Apprendre : une interaction sans cesse renouvelée avec le monde

Cela nous amène finalement à Dewey, qui fait de l’expérience, entendue comme une rencontre avec le monde, la seule source d’apprentissage véritable. Le savoir est inséré dans l’expérience et y participe, de même que l’expérience s’intègre dans des connaissances déjà présentes et les modifie, les complète, les affine. Les étudiant·e·s qui arrivent dans une institution sont déjà « lourd·e·s » de savoirs (scientifiques et personnels) qui vont orienter leur activité, et, simultanément, leur rencontre avec un contexte précis va façonner, perfectionner ou transformer, donner une substance à ces acquis préalables, créant du nouveau sur de l’ancien, notamment en y intégrant d’autres influences, celles des usagers·ères et des professionnel·le·s en l’occurrence. Les formateurs·trices occupent une place essentielle, centrale, mais ils et elles n’occupent pas toute la place, ce qui a forcément une influence sur la conception de leur fonction et de leur rôle.
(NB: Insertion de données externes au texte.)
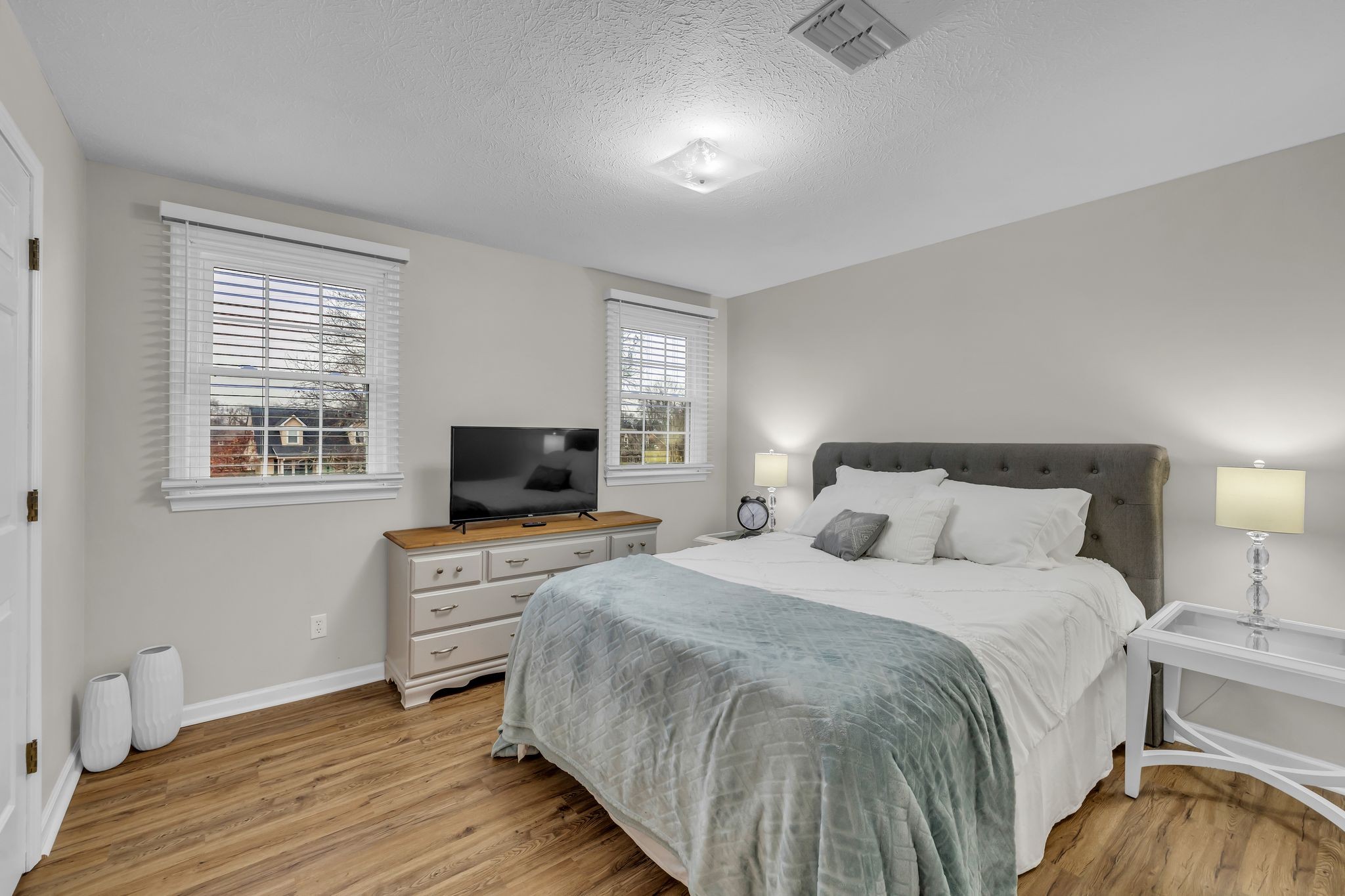 260 Pleasant Run Road Smyrna, TN 37167 - Photo 23 of 35 a bedroom with a bed and a flat screen tv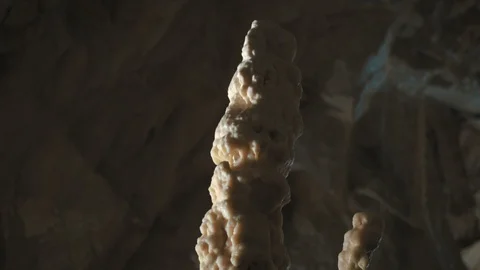 Pan down of a rock salt formation inside a cave. Stock Footage 94957377
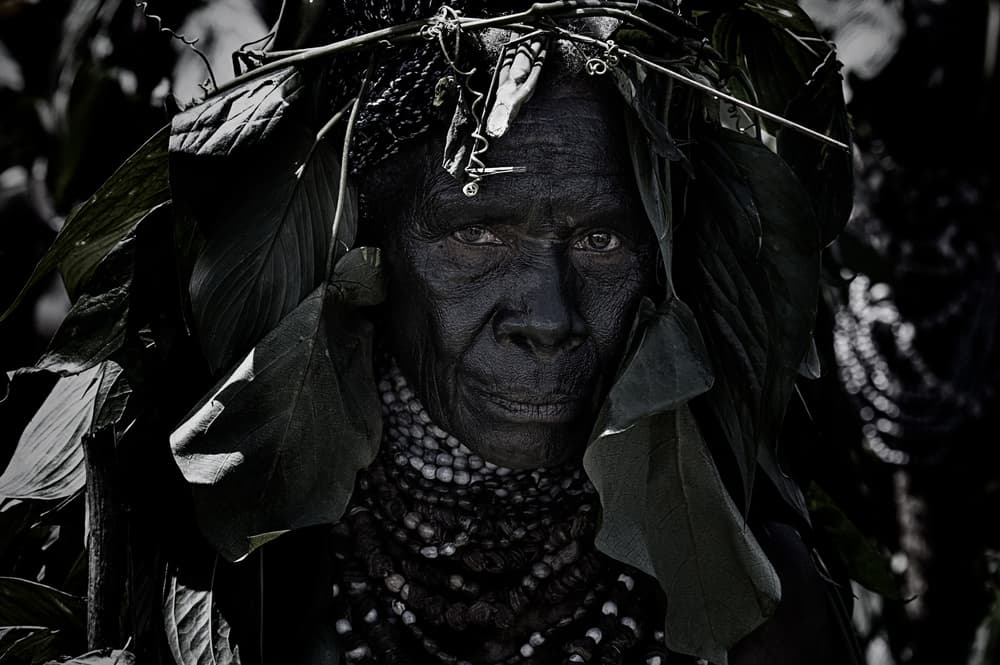 Indigenous Woman with Leaves by Joxe Inazio Kuesta Garmendia — canvas wall art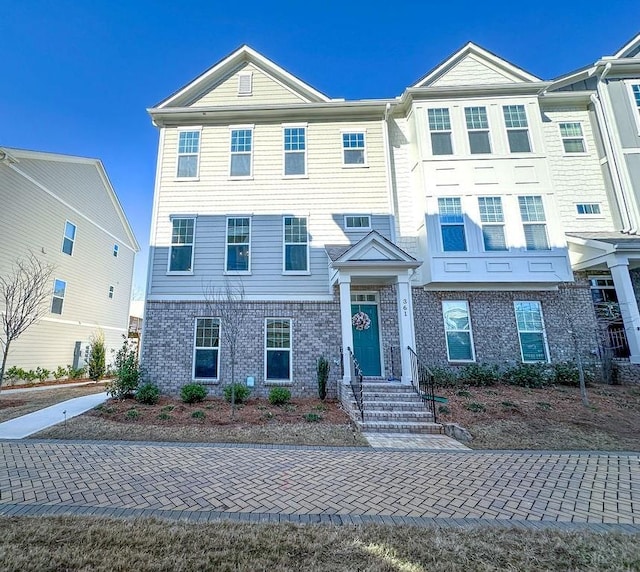 multi unit property with brick siding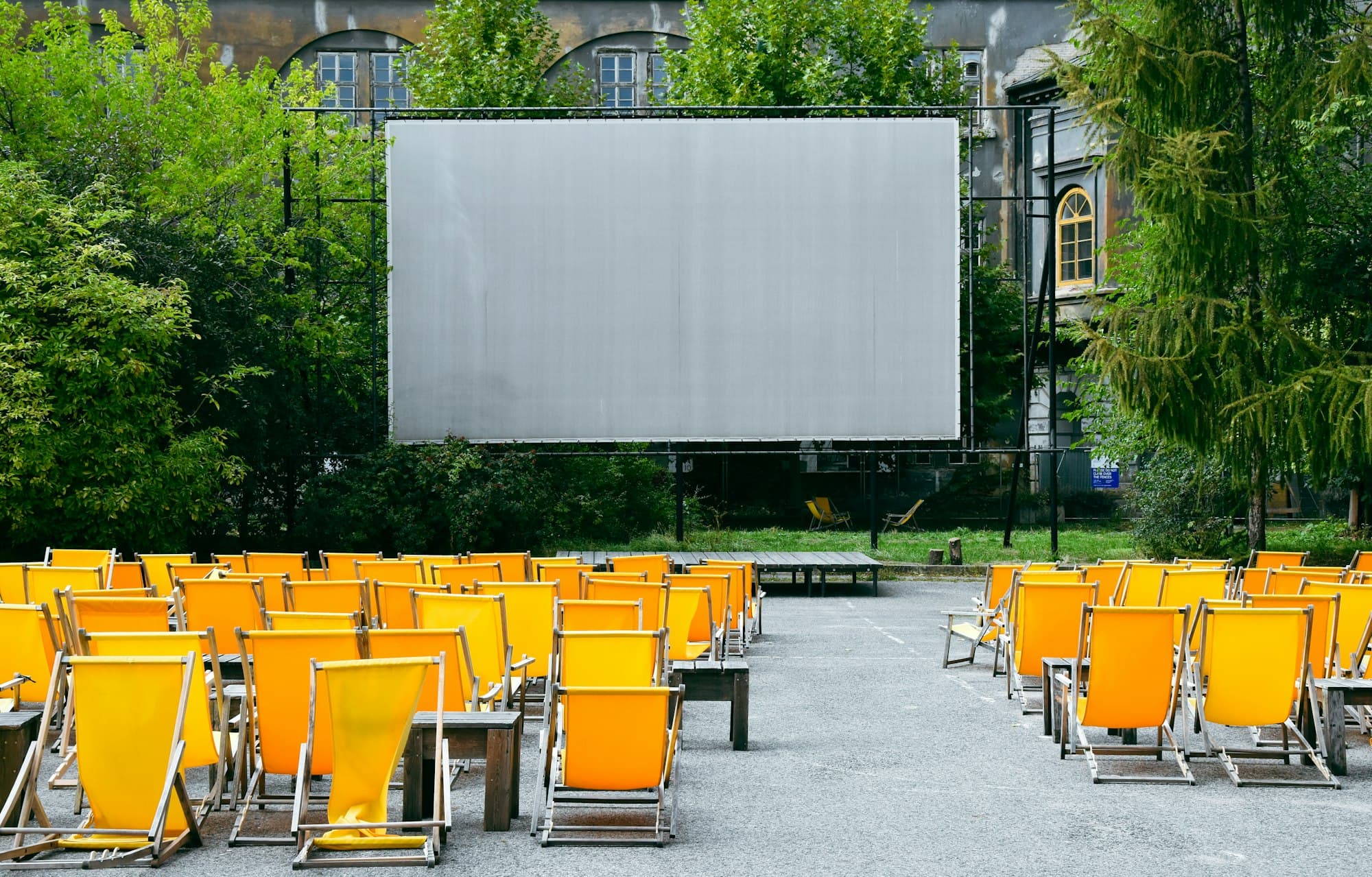 Rows of yellow deck chairs facing a large outdoor cinema screen in a courtyard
Rendre possible la rencontre entre l’apprenant·e et le métier

Ce sont donc le contexte et les expériences que réalisent les apprenant·e·s dans ce contexte qui sont les éléments de base de l’apprentissage. Cela complexifie la responsabilité et le rôle des formateurs et des formatrices, qui ont la tâche de rendre ces expériences sources d’apprentissages. Les formateurs et les formatrices deviennent dans cette perspective des intermédiaires entre une expérience professionnelle vécue ­individuellement et un paradigme professionnel : ils·elles ont la tâche de rendre la rencontre possible, tout en n’ayant qu’une maîtrise relative des éléments en présence, on l’a vu plus haut.
Il y a une forme d’extériorité des formateurs·trices dans la posture que nous décrivons, puisque l’apprentissage se situe foncièrement dans la relation entre l’apprenant·e et un contexte professionnel. Les formateurs·trices prennent en compte dès lors les spécificités du contexte, les particularités des situations professionnelles, ainsi que les caractéristiques des personnes en formation, pour essayer de créer chez l’apprenant·e une dynamique cohérente et de plus en plus autonome professionnellement.

De l’intelligence plutôt que des certitudes

Si nous reprenons le questionnement qui fait office de titre à cet éditorial, « Où commence et où s’arrête l’apprentissage ? », la réponse serait qu’il commence partout, et ne s’arrête nulle part. Et si nous reprenons la thématique de ce numéro, qui n’est pas dans la localisation du début et de la fin, mais dans le « comment » de l’apprentissage, nous renvoyons aux excellents articles qui suivent.
Comme dans l’éducation professionnelle de l’enfance, il n’y a pas de recette pour la formation pratique des futur·e·s collègues. Il y a certes des outils et des méthodes, à connaître, à maîtriser, acquises en formation de formateurs et de formatrices, mais leur mobilisation pertinente dépendra surtout de l’intelligence situationnelle et de l’expérience professionnelle des formateurs et des formatrices.
Nous espérons vivement que ce numéro de Revue [petite] enfance qui rend hommage aux pratiques des formateurs et des formatrices de terrain, permettra, à travers les multiples facettes qu’il révèle, d’enrichir les réflexions et de nourrir les débats autour de cette activité vitale pour une profession : sa transmission.